Organic Radiosensitizer with Aggregation-Induced Emission Characteristics for Tumor Ablation through Synergistic Apoptosis and Immunogenic Cell Death
Dalu Xie, Xueke Yan, Wenzhao Shang, Hao Ren, Wei Wen, Ben Zhong Tang, Huifang Su
Abstract
Inspired by the clinical application of thermotherapy to promote the efficacy of radiotherapy, this study demonstrates the multimodal diagnostic application of pure organic nanoparticles in the combined treatment of tumors through imaging and photothermal properties.

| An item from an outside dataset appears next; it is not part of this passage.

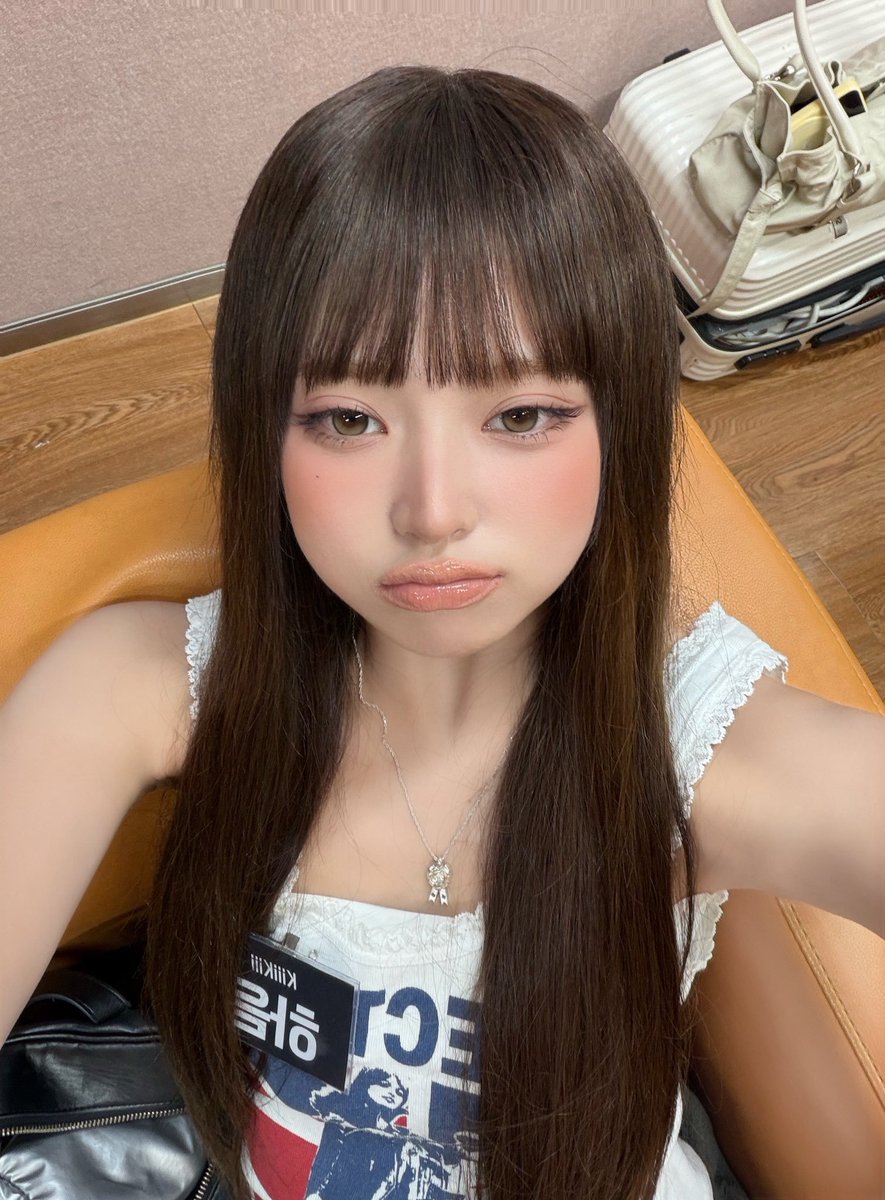 kwafhaum's tweet photo. HAIIII im back!!! https://t.co/ZIpcAZto9L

The nanoparticles developed in this study demonstrated unique properties and multiple functionalities, including excellent photostability and thermostability, strong fluorescence emission in the near-infrared-II (NIR-II) region, extremely high photothermal conversion efficiency, good biocompatibility, significant radiosensitizing properties, and effective tumor site accumulation. In vitro and in vivo evaluations demonstrated that these nanoparticles are ideal candidates for synergistic photothermal radiotherapy guided by NIR-II fluorescence, NIR-I photoacoustic, and photothermal trimodal imaging. They act as radiosensitizers by alleviating the hypoxic tumor microenvironment, modulating the cell cycle, and inducing apoptosis and immunogenic cell death during radiotherapy, which may provide a potential approach for the clinical treatment of tumors.